Colorization, the new practice of coloring classic black-and-white movies, which Maltin deplores, is the best known of these alterations. Contacted at the "Entertainment Tonight" set where he tapes reviews for the syndicated show, Maltin said some video versions have certain scenes cut--or, more commonly, added--to the theatrical print.
"Sex is probably the area causing the most changes," he said. " 'Crimes of Passion' (the 1984 Ken Russell film starring Kathleen Turner) is available in two video versions." One has, as Maltin's book puts it, "several minutes of kinky footage originally seen only in Europe."
Another example is the tensely sexual film "9 1/2 Weeks." "I've heard that the video is a compromise between the unexpurgated version shown in Europe and the more timid one shown in the U.S.," Maltin said. (A publicist at MGM/UA Home Video, which released the video version just a couple of weeks ago, confirmed this.)
And for Paramount's video version of "Thief of Hearts," Maltin said, "They put in some of the steamier scenes that were considered too raw in the initial screenings."
Whether these are welcome or unwanted changes lies in the eye--or the libido--of the beholder. However, there are instances where different videos can be improvements.
"(Director) Joe Dante re-edited 'Explorers' for the video," Maltin said. "He'd been forced to rush the original version to meet a release date and considered it an unfinished film. He was able to polish it more to his liking for the video."

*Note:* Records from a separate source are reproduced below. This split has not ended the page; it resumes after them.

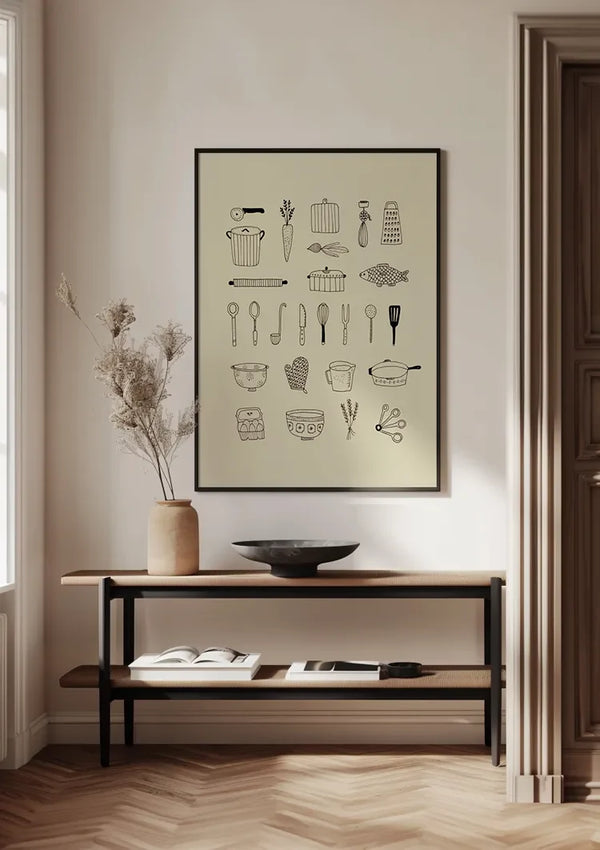 Küchenutensilien Linienillustration Beige Hintergrund Minimalistische Kochkunst-Malerei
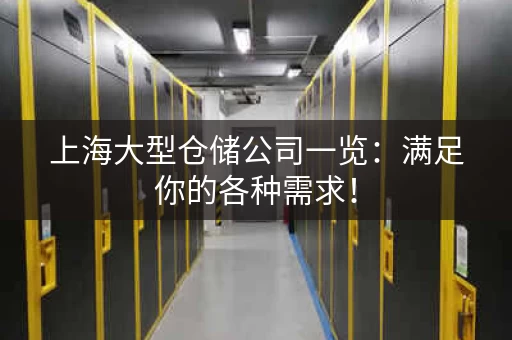 上海大型仓储公司一览：满足你的各种需求！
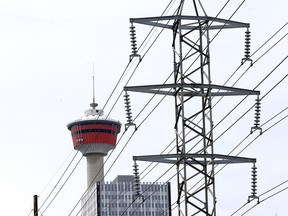 Power lines in Calgary on Monday, April 25, 2022.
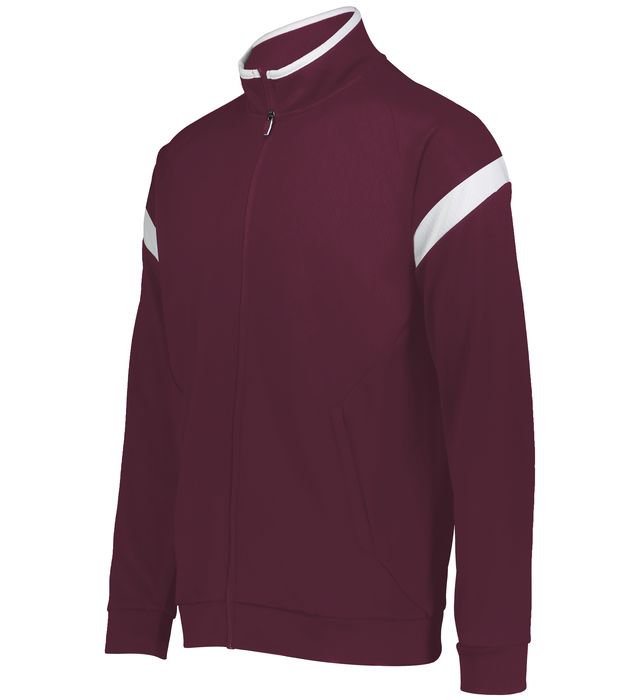 Holloway Dry Excel Polyester Double Knit Mesh Texture Jacket Youth 229679 Maroon/White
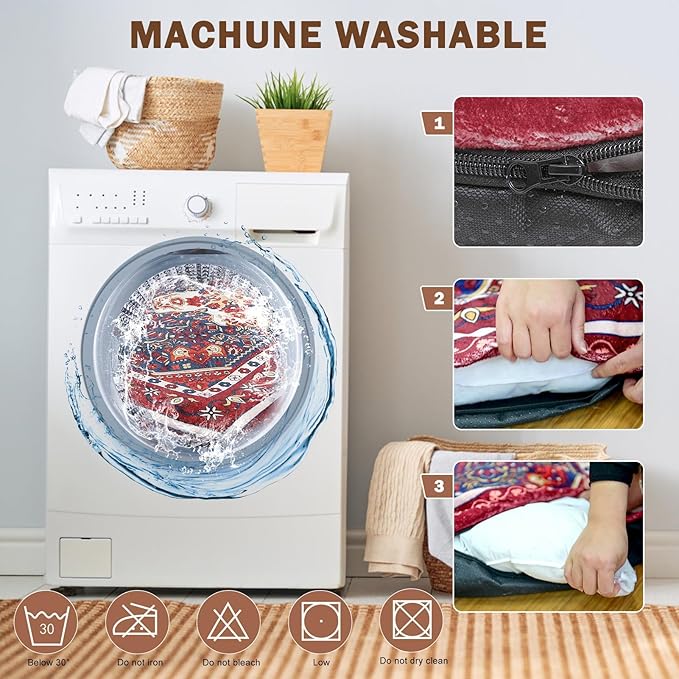 SCENEREAL Dog Crate Mat for Small Medium Large Dogs 29" x 48", Red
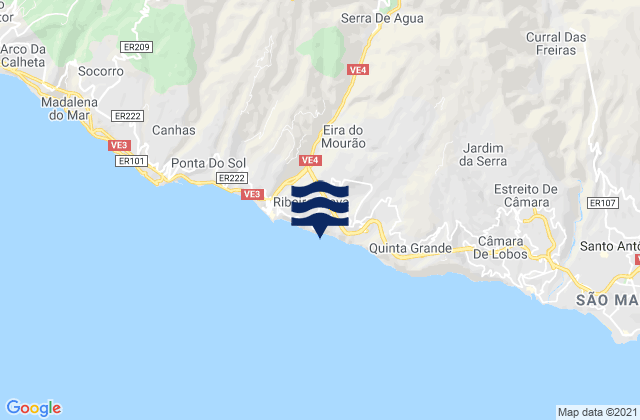 Ribeira Brava, Portugalの潮見表地図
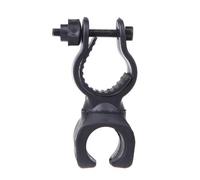 EXAOMBLE Supporto per Torcia LED da Bicicletta 2 Pezzi Morsetto Regolabile a 360 Gradi in Plastica Rigida e Gomma per Manubrio Bici Nero Facile da Installare per Ciclismo Notturno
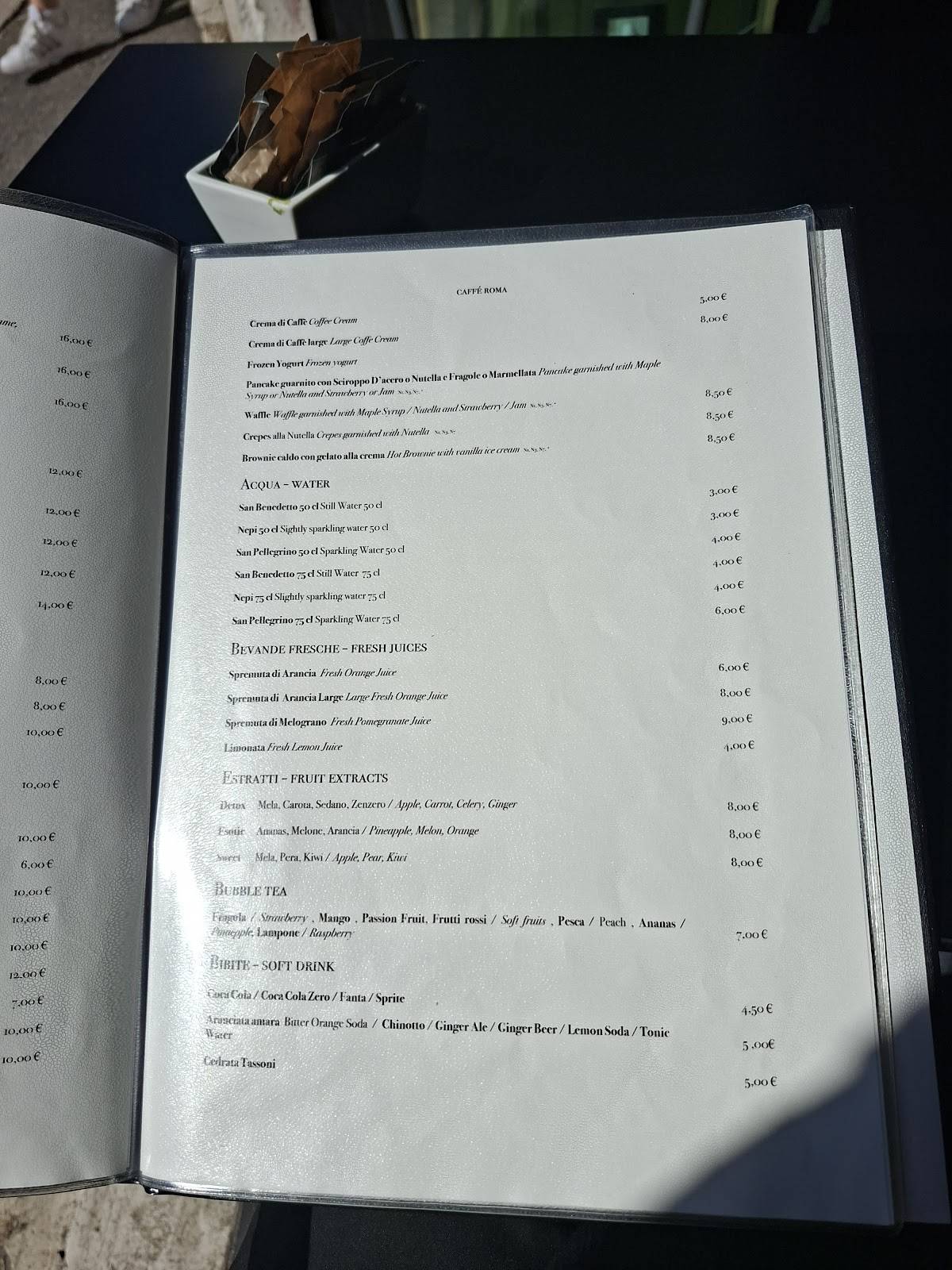 Menu di Caffè Roma 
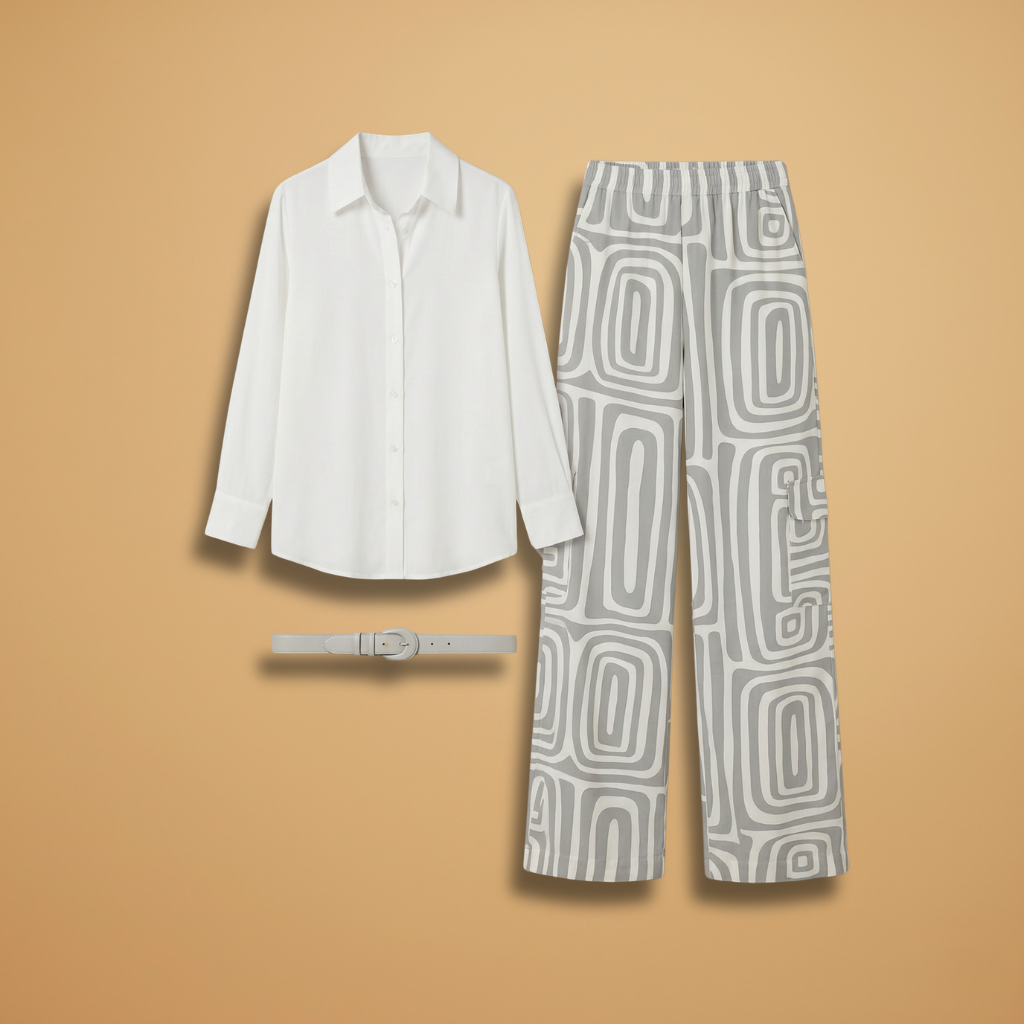 Women's Two-Piece Set with Geometric Print and Belt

In the new "TV Movies," Maltin writes about a similar case. Director Stuart Gordon had re-edited the original version of the grisly "Re-Animator" for an R rating and wider distribution. That was the print Maltin understood to be released by Vestron Video, but since the book's publication Vestron has made both versions available.
Said Vestron copy supervisor Ed Martin: "Many stores carry only one version of 'Re-Animator'--usually the unrated one--but the consumer can tell by looking at the package."
Oddly, the R-rated version of "Re-Animator" is longer than the version with the gorier scenes--nine minutes, according to Martin --since Gordon also lengthened some scenes in it.
Maltin even suggests some variant videos he would like to see.
"I was disappointed that 'Ragtime' wasn't expanded for video. There were extra subplots--including one about Harry Houdini--that were filmed but didn't make it into the final cut," Maltin said. "And Robert Altman shot so much footage for 'Nashville' that he even put together a version long enough for a network miniseries, but the plan fell through."
Maltin is also happy about the positive effect video has had on restoration of "lost" and incomplete films. "Video provides impetus--and sometimes extra money, too."
What worries Maltin most is that video companies will find other ways like colorization to tamper with films in a damaging way. And what might some of those ways be?
"Well," said Maltin, "let's not give them any ideas."